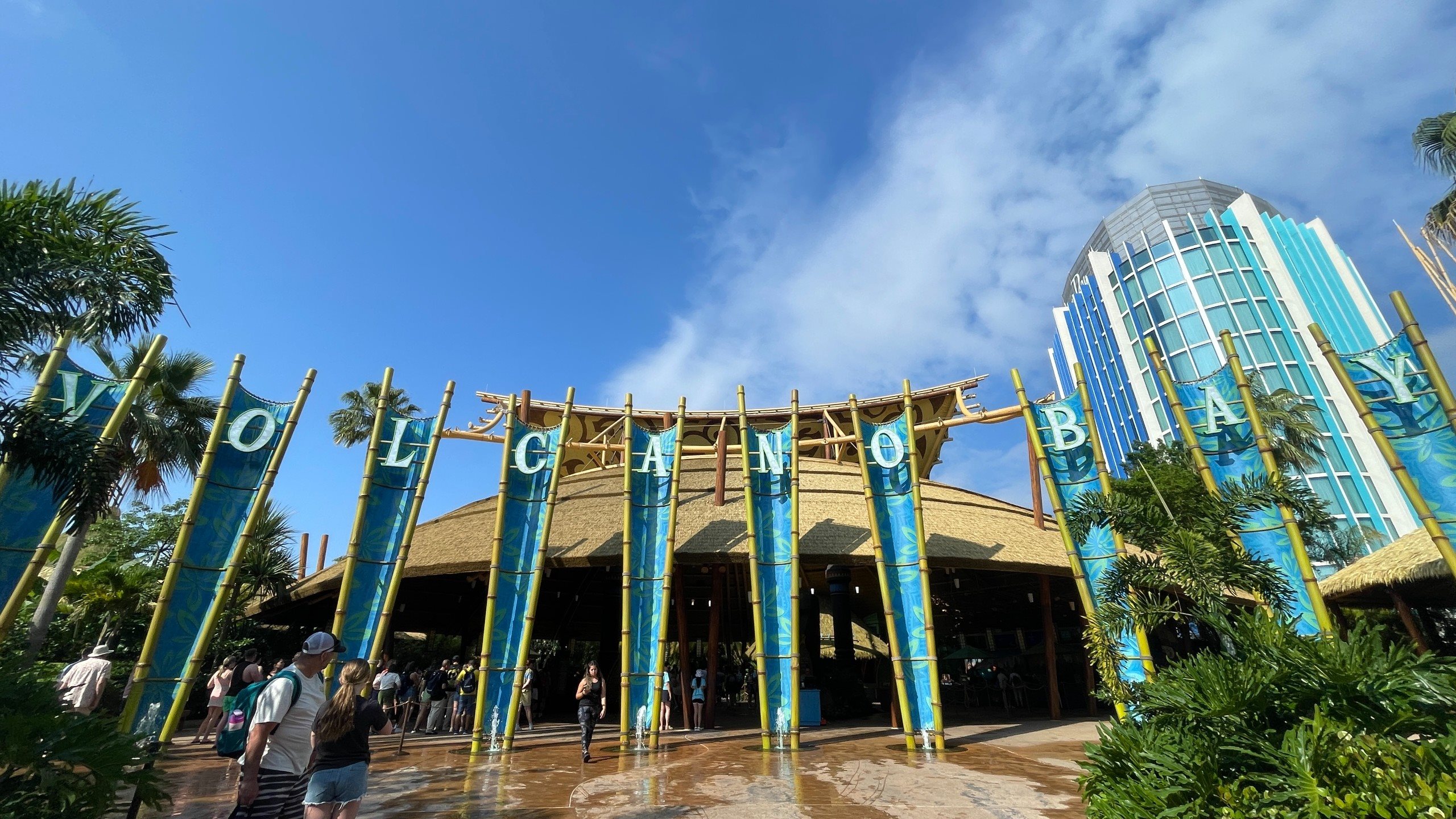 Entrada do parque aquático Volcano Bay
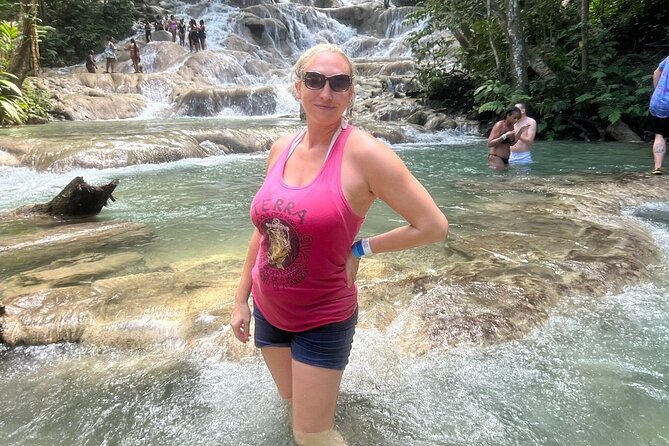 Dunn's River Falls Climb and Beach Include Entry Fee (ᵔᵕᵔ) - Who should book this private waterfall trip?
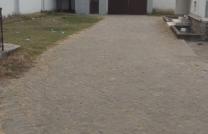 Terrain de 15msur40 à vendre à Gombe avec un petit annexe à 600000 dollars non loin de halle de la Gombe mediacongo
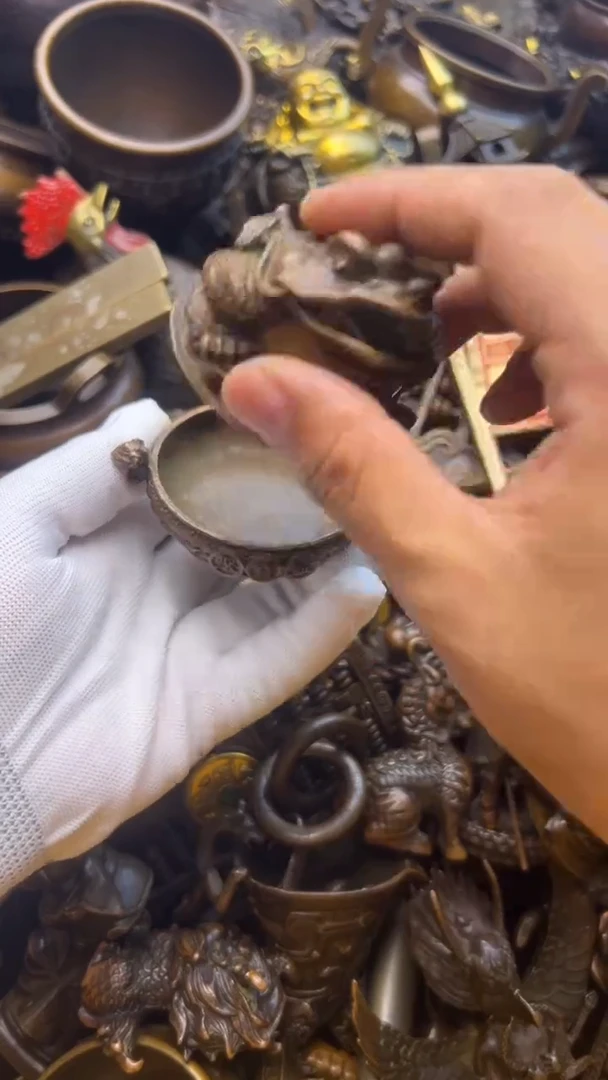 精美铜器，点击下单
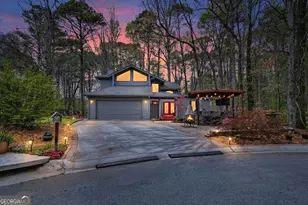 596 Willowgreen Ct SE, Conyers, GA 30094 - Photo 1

···

Work instruction>
The copy must begin with the line containing "Dunn's River Falls", end with the last line of the material, match each line exactly, and hold no pictures.

Answer>
 Dunn's River Falls Climb and Beach Include Entry Fee (ᵔᵕᵔ) - Who should book this private waterfall trip?
 Terrain de 15msur40 à vendre à Gombe avec un petit annexe à 600000 dollars non loin de halle de la Gombe mediacongo
 精美铜器，点击下单
 596 Willowgreen Ct SE, Conyers, GA 30094 - Photo 1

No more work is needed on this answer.